Assignment:
From first line to last, print the records exactly, but leave out the pictures.

Records for the exercise section start

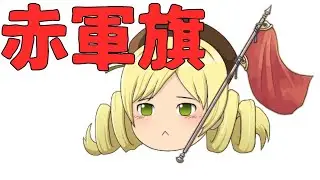 赤軍旗について語らせてくれ　#240【ゆく育】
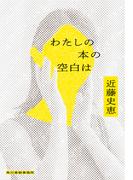 わたしの本の空白は(ハルキ文庫)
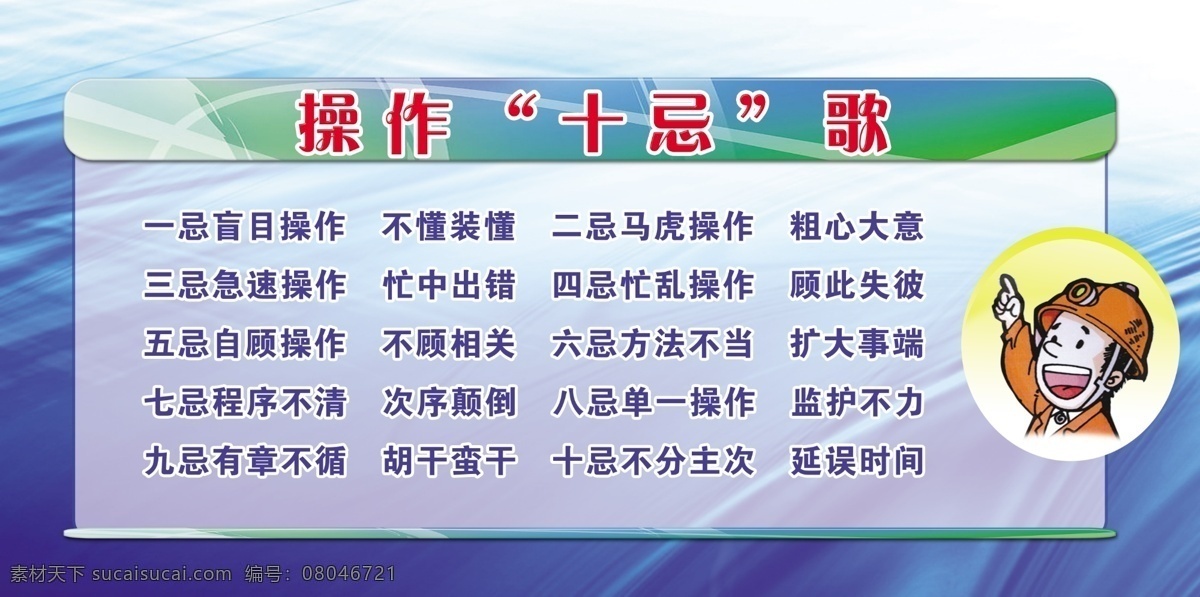 安全标语 安全版面 煤矿标语 煤矿制度 标语 制度模版 煤矿素材 蓝天白云 煤矿 操作 十 忌 歌 楼 手 煤矿工人 警钟 商务 源文件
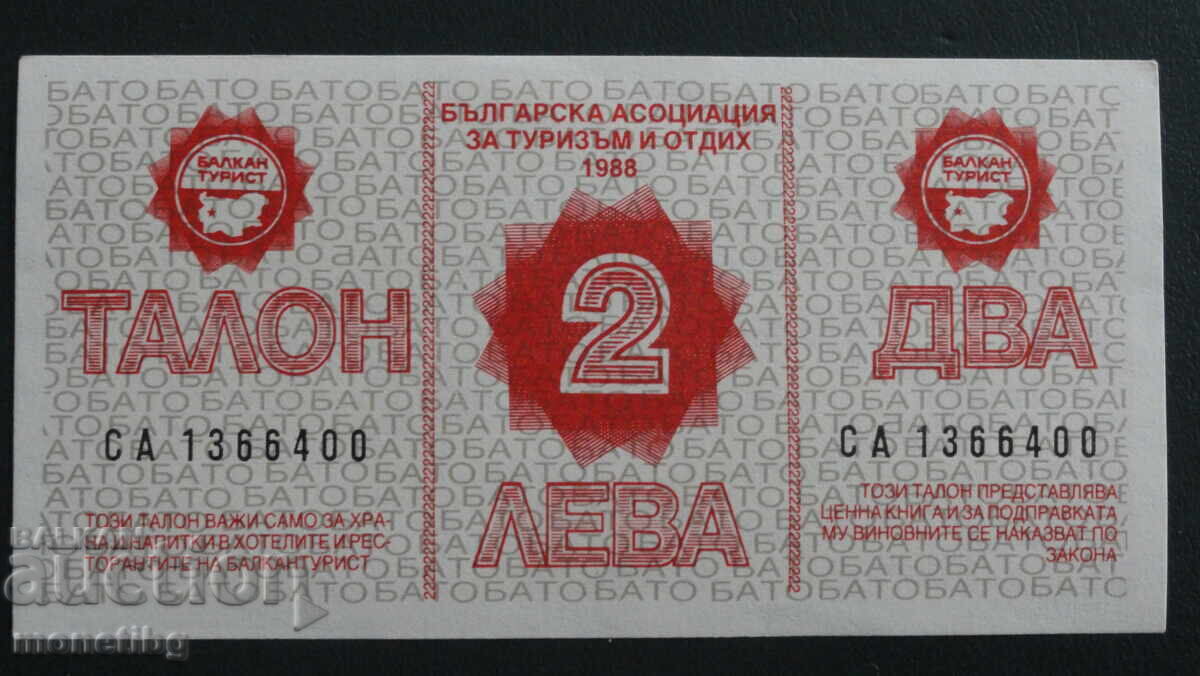 Bulgaria 1988 - 2 leva Talon ''Balkanturist'' UNC - 5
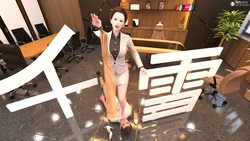我的女主人千雪（犬男？反正预警）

Records for the exercise section end

Answer to this exercise:
 赤軍旗について語らせてくれ　#240【ゆく育】
 わたしの本の空白は(ハルキ文庫)
 安全标语 安全版面 煤矿标语 煤矿制度 标语 制度模版 煤矿素材 蓝天白云 煤矿 操作 十 忌 歌 楼 手 煤矿工人 警钟 商务 源文件
 Bulgaria 1988 - 2 leva Talon ''Balkanturist'' UNC - 5
我的女主人千雪（犬男？反正预警）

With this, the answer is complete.